# Short descriptive text snippets
▼▼▼

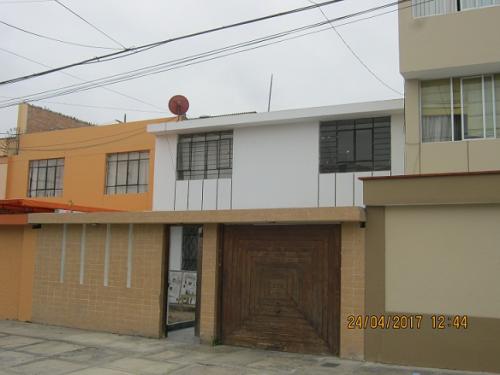 SE VENDE CASA EN URB SAN ANTONIO BELLAVSITA CALLAO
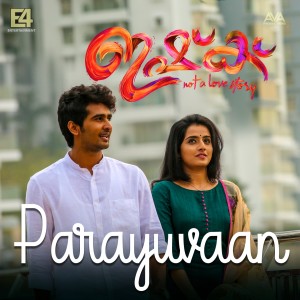 Listen to Parayuvan (From "Ishq") song with lyrics from Sid Sriram
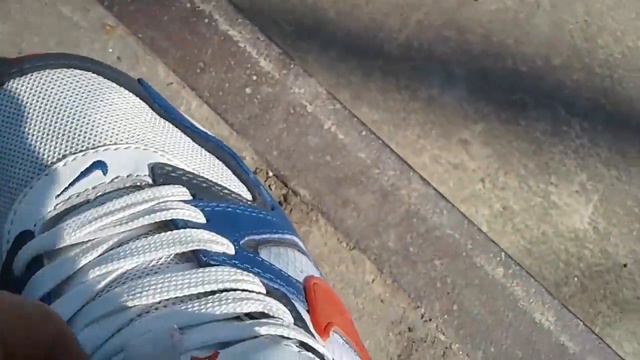 Как правильно зашнурововать AIR MAX ??? смотреть онлайн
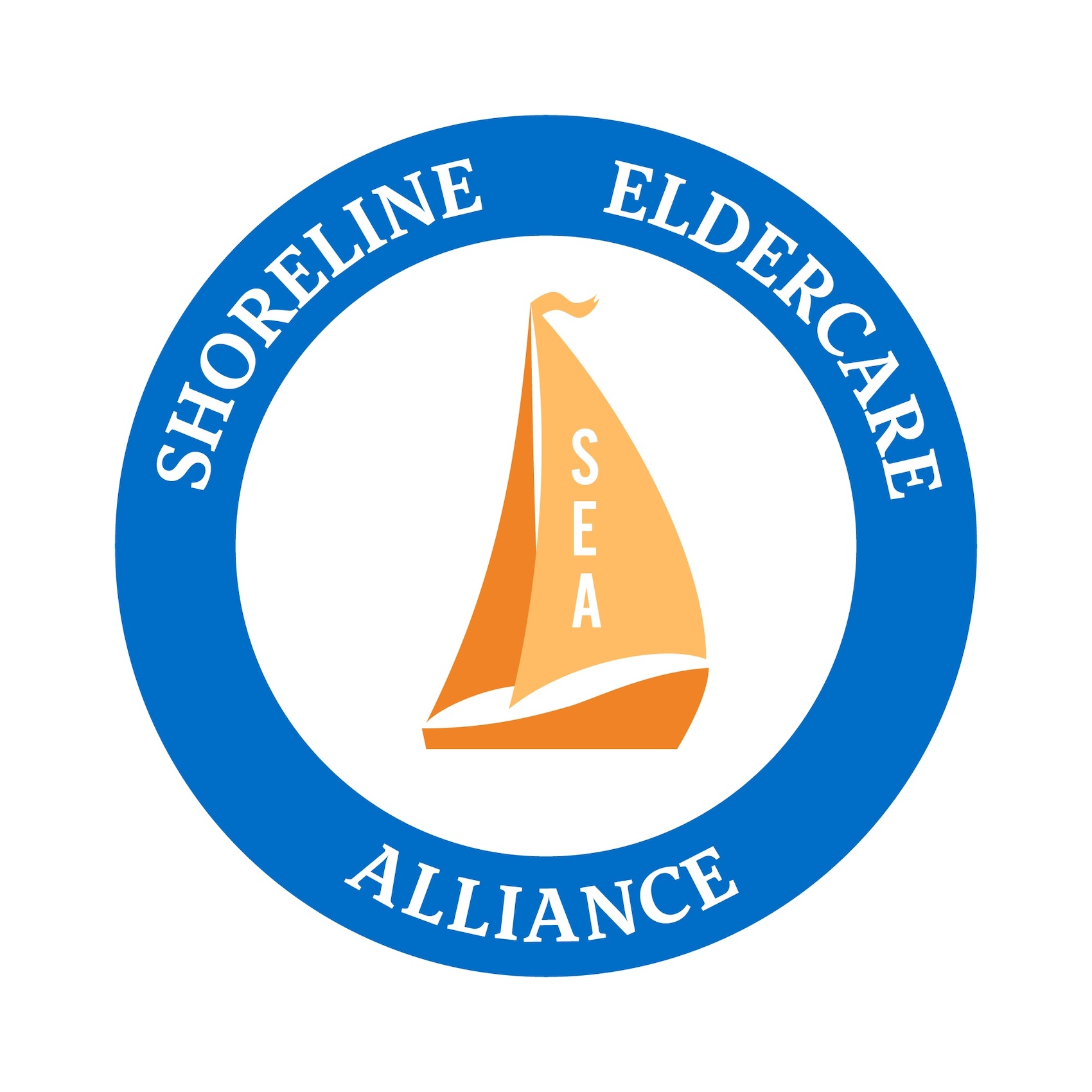 Shoreline Eldercare Alliance (SEA) logo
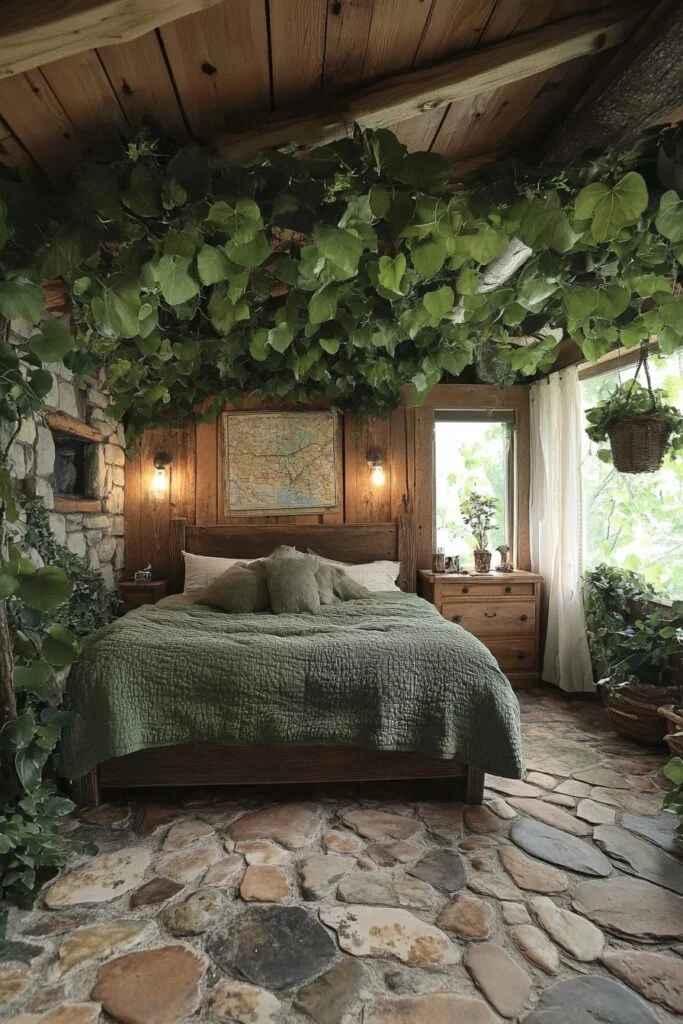 Weathered Wilderness Bedroom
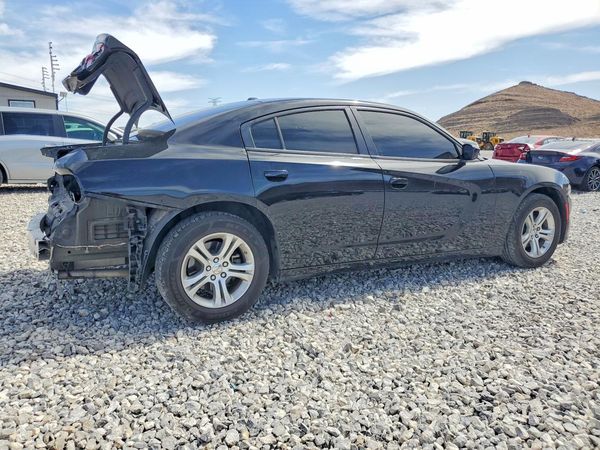 2022 DODGE CHARGER SXT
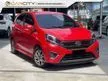Used 2020 Perodua AXIA 1.0 SE Hatchback 2 YEARS WARRANTY PUSH START BUTTON LADY OWNER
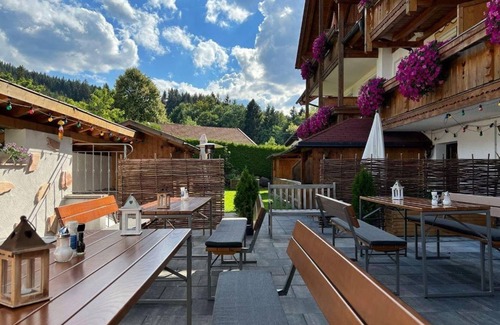 Sonnen Apartment | Double room comfort - Wellnesshotel Waldruh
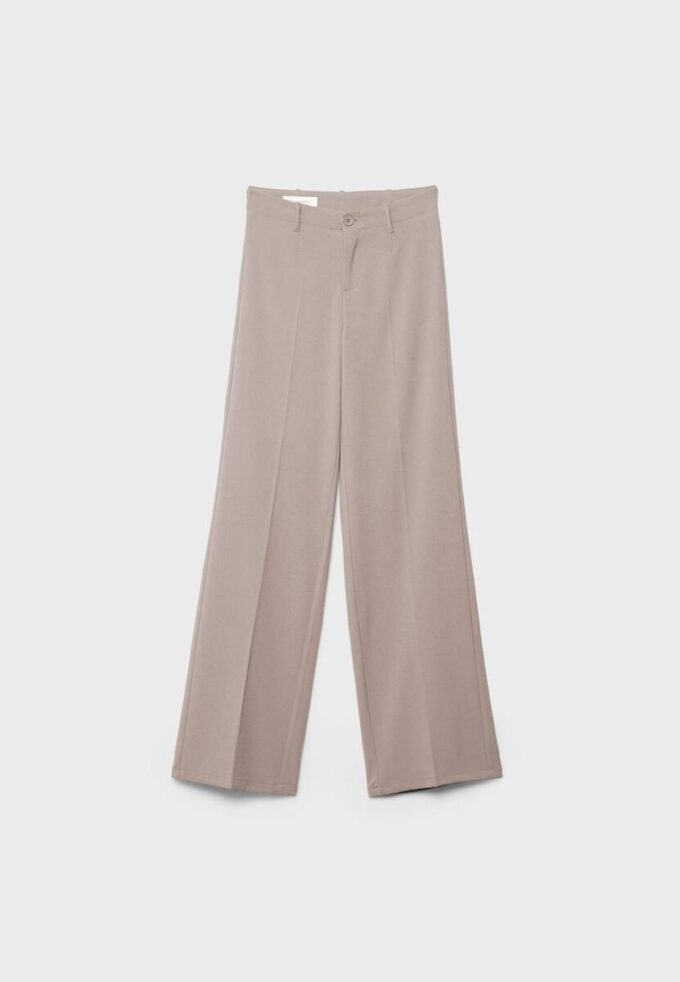 Weit geschnittene Hose Weit geschnittene Hose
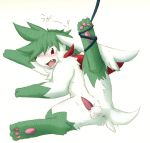  nintendo pokemon rara shaymin 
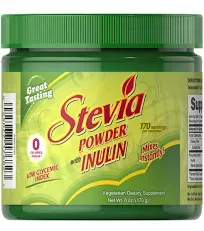 Buy Stevia Powder 60 Rapid Release Softgels By Puritan's Pride | Herbspro.com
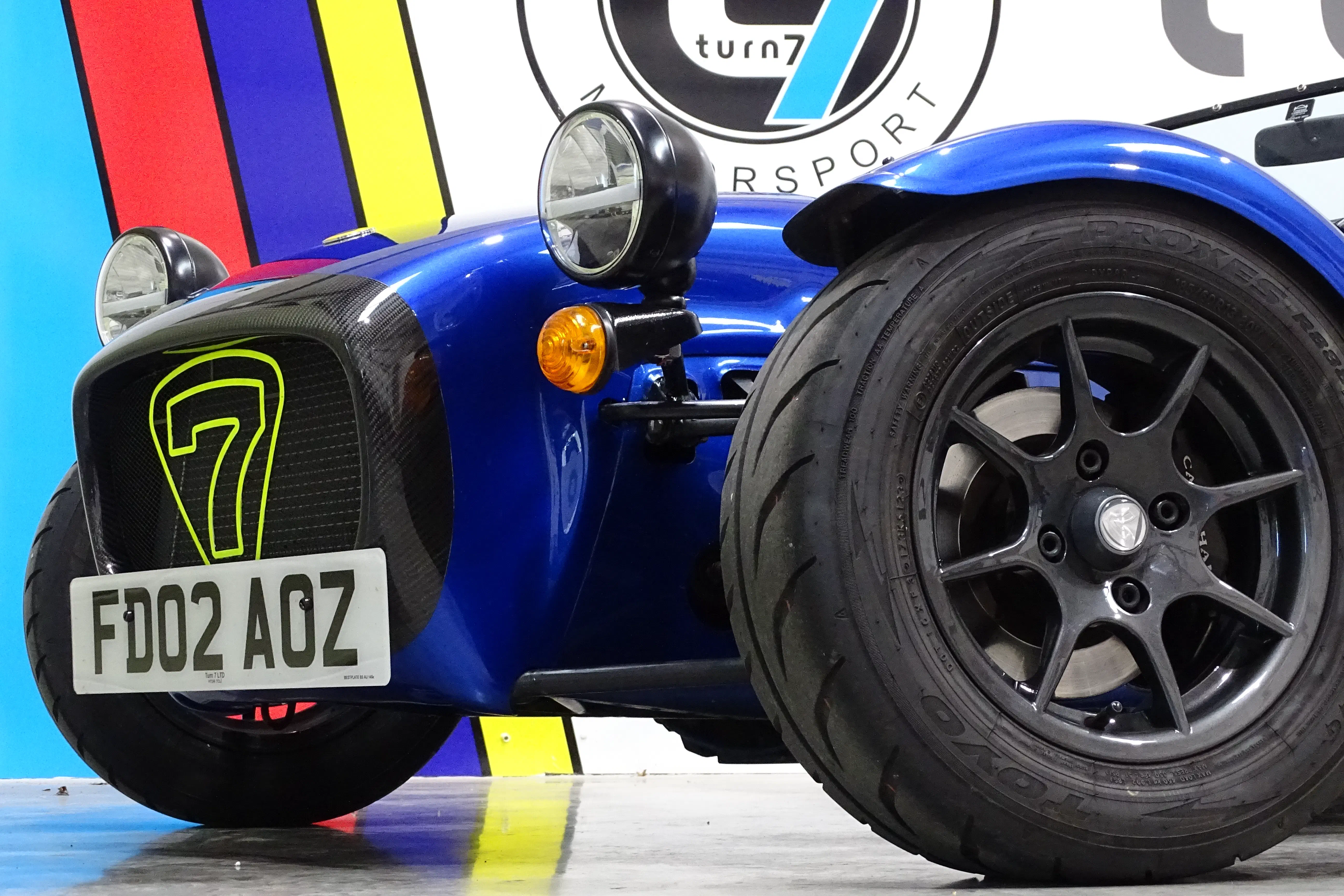 Caterham Superlight R300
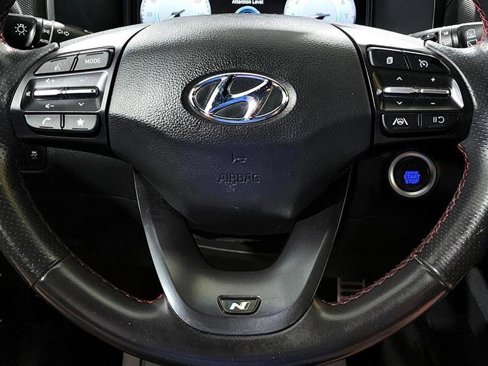 Used 2022 Hyundai Kona N Line image 16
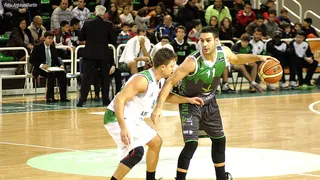 Zoco LEB Oro: Frutos, a Palma. Renuevan Otegui, Martínez, Sanz y Ñete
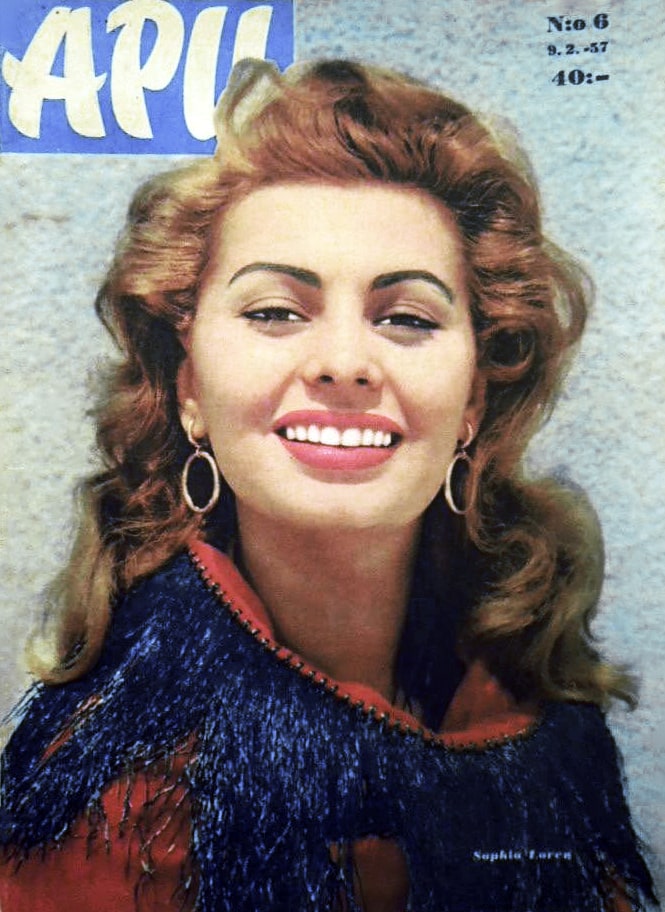 Sophia Loren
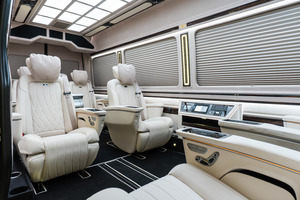 KLASSEN Mercedes-Benz Sprinter VIP. 319 V-Klasse Luxussitze W447 VIP JetVan. MSV_T_1674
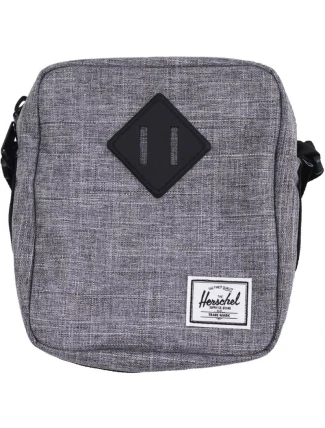 Herschel Heritage Crossbody 11137-00919 Grey Jedna velikost Herschel Heritage Crossbody 11137-00919 Grey Jedna velikost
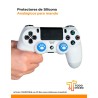 Protectores de Silicona Analógicos para mando de PlayStation X2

▲▲▲

# REQUIRED WORK
Print, with pictures removed, exactly the lines of the records above from the top through the line containing "nintendo pokemon rara shaymin".

# EXPECTED OUTPUT
 SE VENDE CASA EN URB SAN ANTONIO BELLAVSITA CALLAO
 Listen to Parayuvan (From "Ishq") song with lyrics from Sid Sriram
 Как правильно зашнурововать AIR MAX ??? смотреть онлайн
 Shoreline Eldercare Alliance (SEA) logo
 Weathered Wilderness Bedroom
 2022 DODGE CHARGER SXT
Used 2020 Perodua AXIA 1.0 SE Hatchback 2 YEARS WARRANTY PUSH START BUTTON LADY OWNER
 Sonnen Apartment | Double room comfort - Wellnesshotel Waldruh
 Weit geschnittene Hose Weit geschnittene Hose
  nintendo pokemon rara shaymin 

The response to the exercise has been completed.